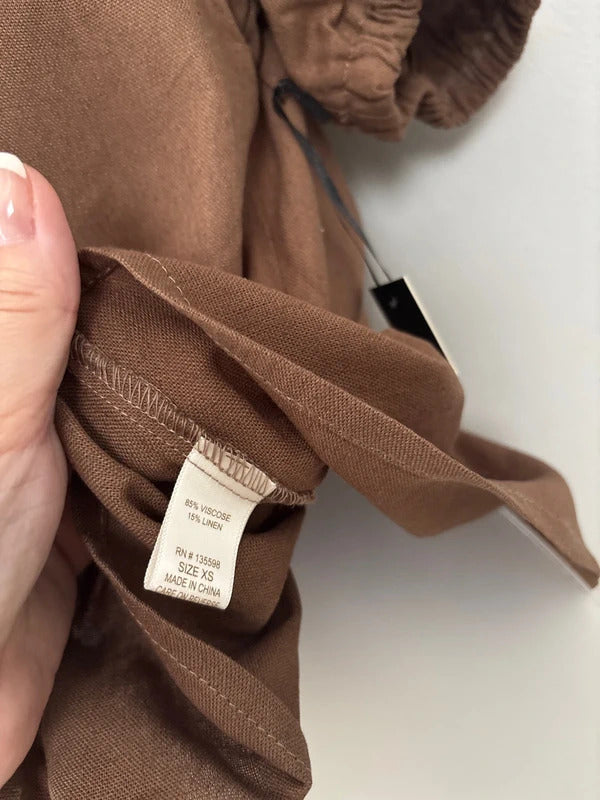 Liberty Love Brown Tie Front Peplum Top NWT XS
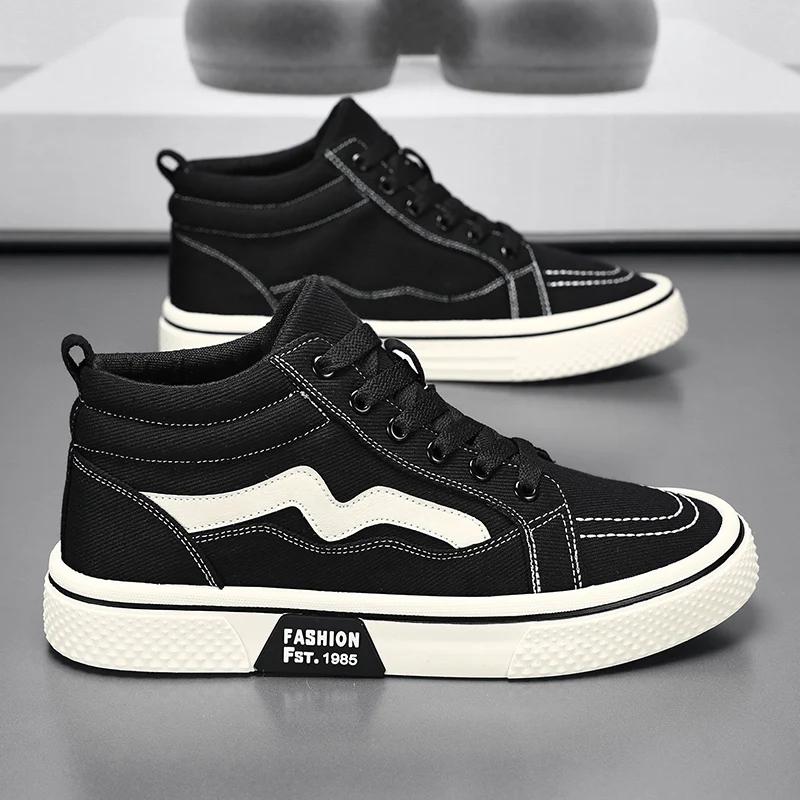 Mode High Top Herren Freizeitschuhe Bequeme Flache Stiefel Sneakers Herren Canvas Schuhe Leichte Flats Studenten Walking Sportschuhe 40 von Joom DACH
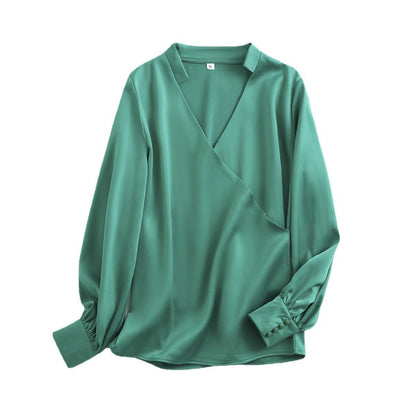 lovwvol work outfits women Spring New Satin Shirt French Style High-Grade Texture Wrap V-neck Puff Sleeve All-Match Shirt for Women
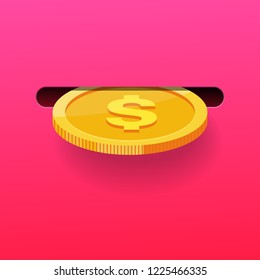 inserting coin to a slot vector illustration.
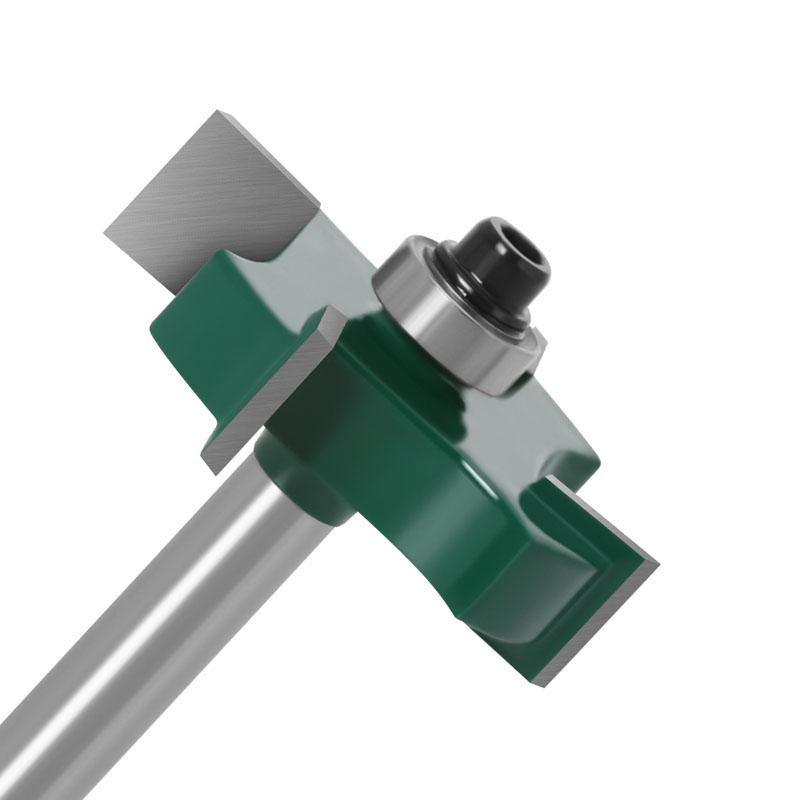 4 Edge T Type Bearings Wood Milling Cutter Industrial Grade Rabbeting Bit Woodworking Tool Router Bits for Wood  6mm 1/4 Inch Shank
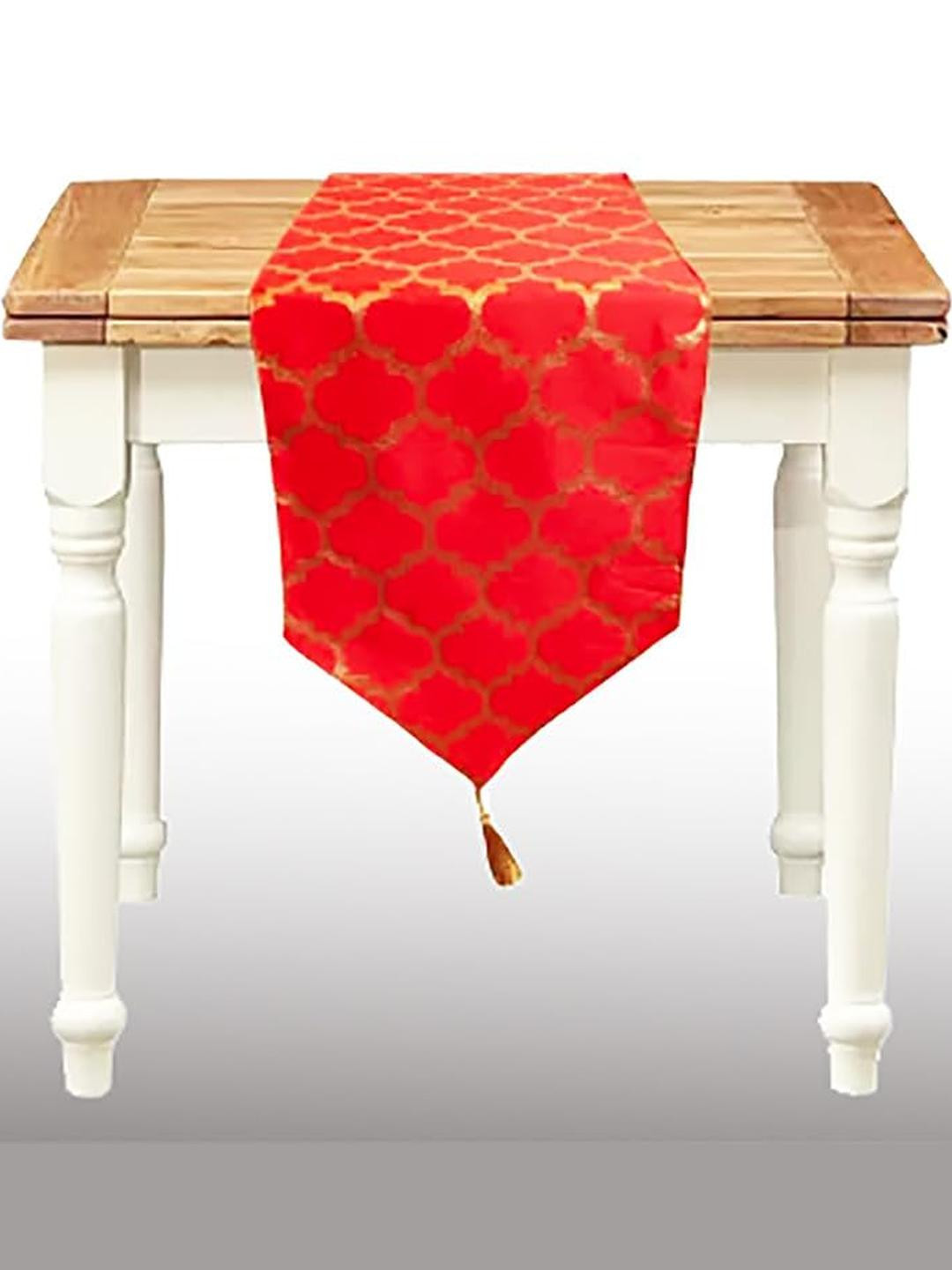 Pink Parrot Red & Gold Printed Jacquard Silk Table Runner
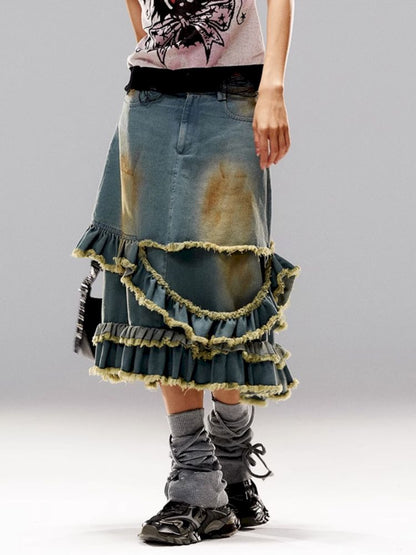 Raw Edge Mud Dye Denim Skirt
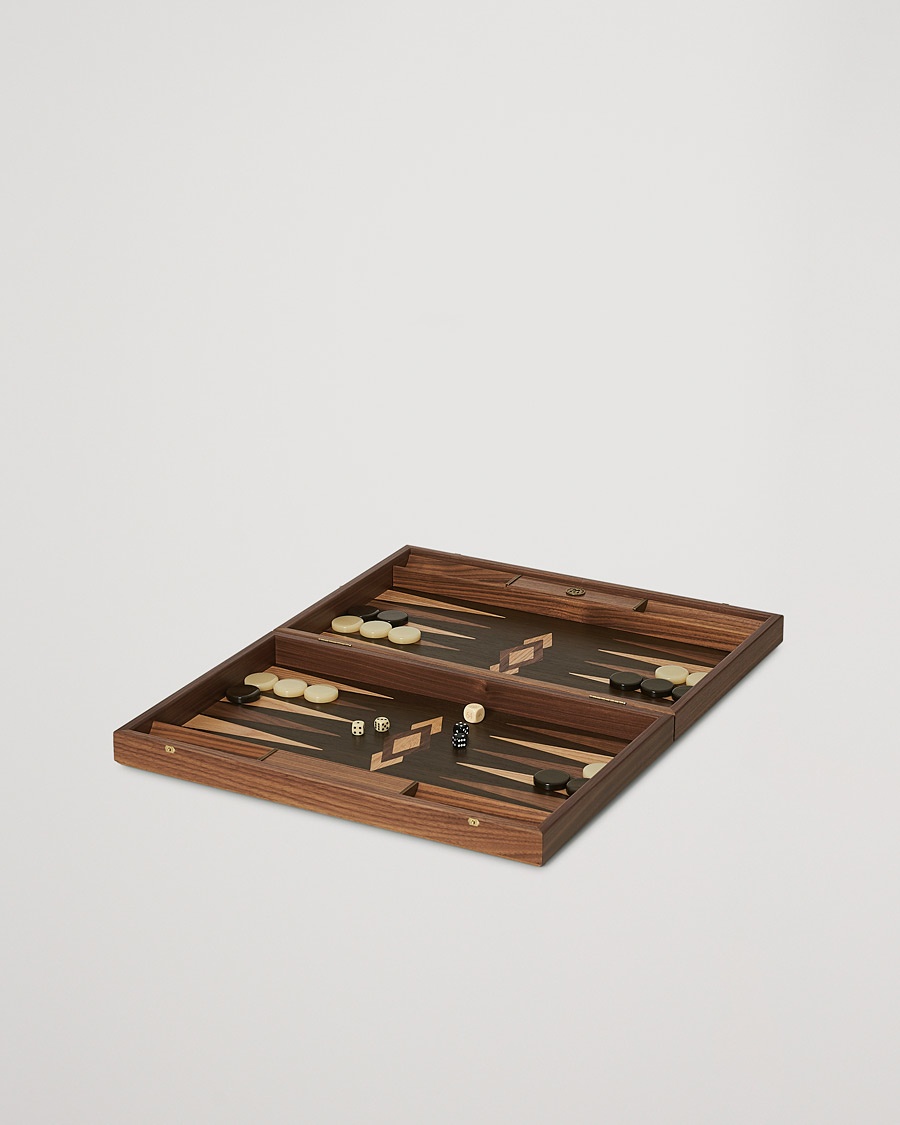 Manopoulos Walnut Natural Tree Large Backgammon – Brown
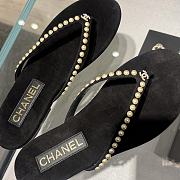 Colestore Chanel Black Velvet Flip Flops Gold Pearl  - 4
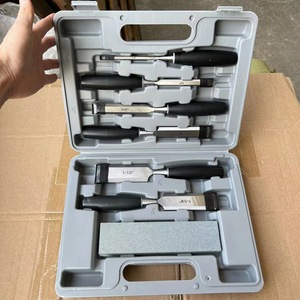 Ensemble de ciseaux à bois 7 pièces, ciseaux plats, manche en plastique noir, pointe droite, outils de menuiserie, taille en pouces - Product Image 3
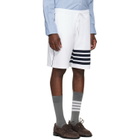 Thom Browne White Loopback 4-Bar Sweat Shorts
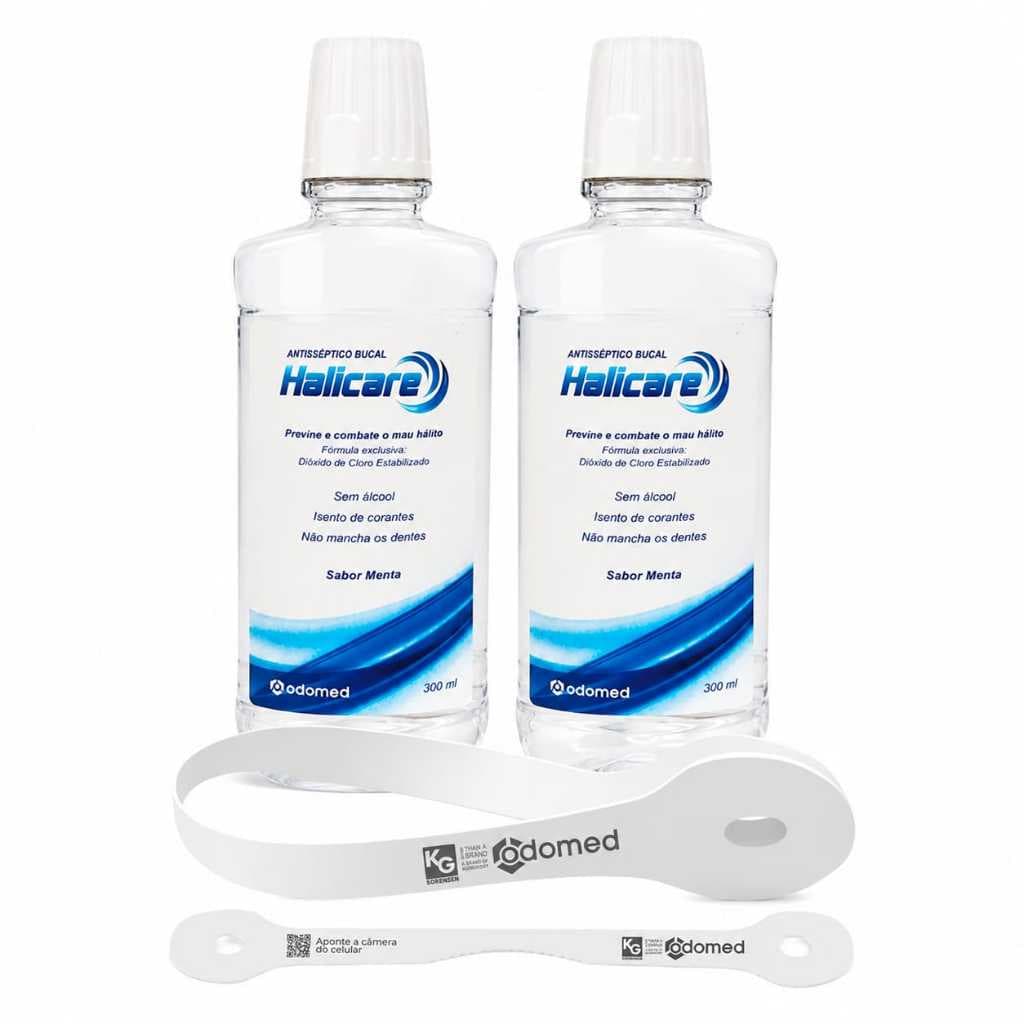 Kit 2 Halicare Enxaguante Bucal 300ml + Limpador de Lingua Odomed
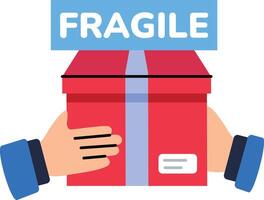 Fragile package holding in hands, flat style icon vector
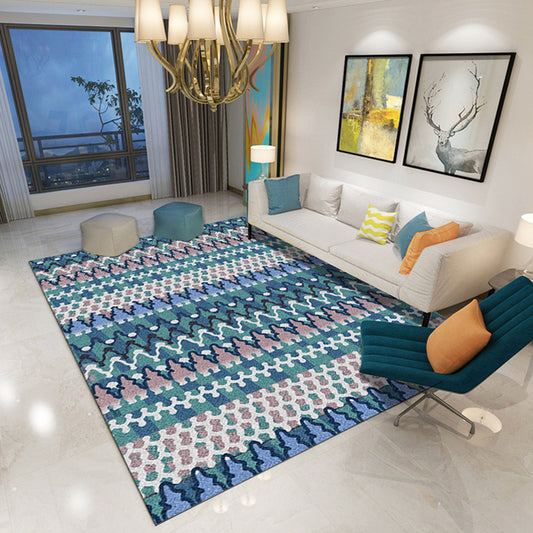 Southwestern Living Room Rug in Black and Blue Geometric Diamond Print Rug Polyester Non-Slip Area Rug Blue Clearhalo 'Area Rug' 'Rugs' 'Southwestern' Rug' 1636190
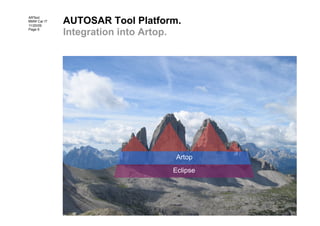 AUTOSAR Tool Platform.
ARText
BMW Car IT
11/20/09
Page 9
             Integration into Artop.




                                   Artop
                                  Eclipse
 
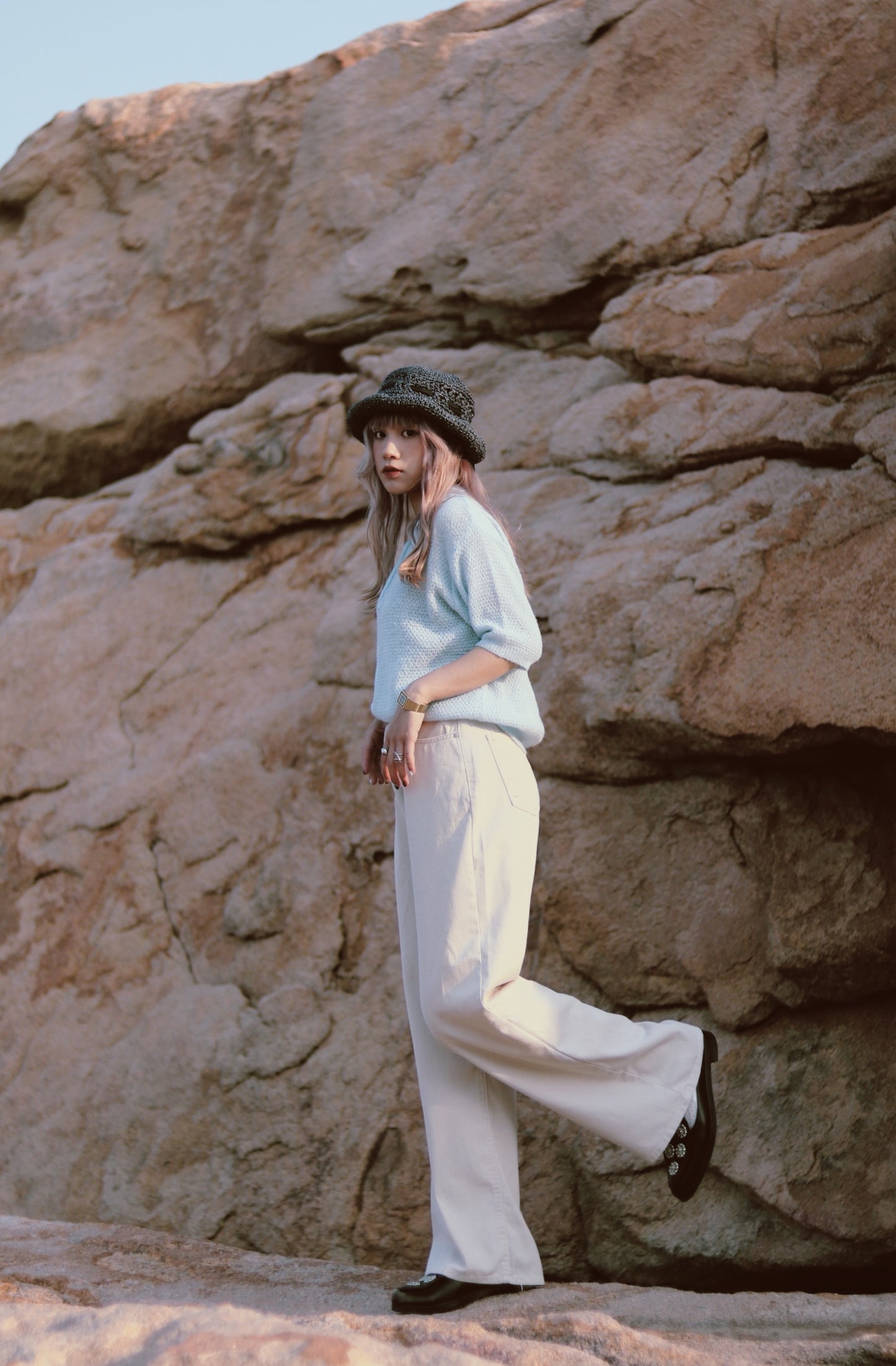 Straw Hat (Blue/Green)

**Required work**
Pictures are to be left out, and the lines from the beginning of the records through the line with "Raw Edge Mud Dye Denim Skirt" are to be printed exactly, with nothing added.

**Response below**
 Liberty Love Brown Tie Front Peplum Top NWT XS
 Mode High Top Herren Freizeitschuhe Bequeme Flache Stiefel Sneakers Herren Canvas Schuhe Leichte Flats Studenten Walking Sportschuhe 40 von Joom DACH
 lovwvol work outfits women Spring New Satin Shirt French Style High-Grade Texture Wrap V-neck Puff Sleeve All-Match Shirt for Women
 inserting coin to a slot vector illustration.
 4 Edge T Type Bearings Wood Milling Cutter Industrial Grade Rabbeting Bit Woodworking Tool Router Bits for Wood  6mm 1/4 Inch Shank
 Pink Parrot Red & Gold Printed Jacquard Silk Table Runner
 Raw Edge Mud Dye Denim Skirt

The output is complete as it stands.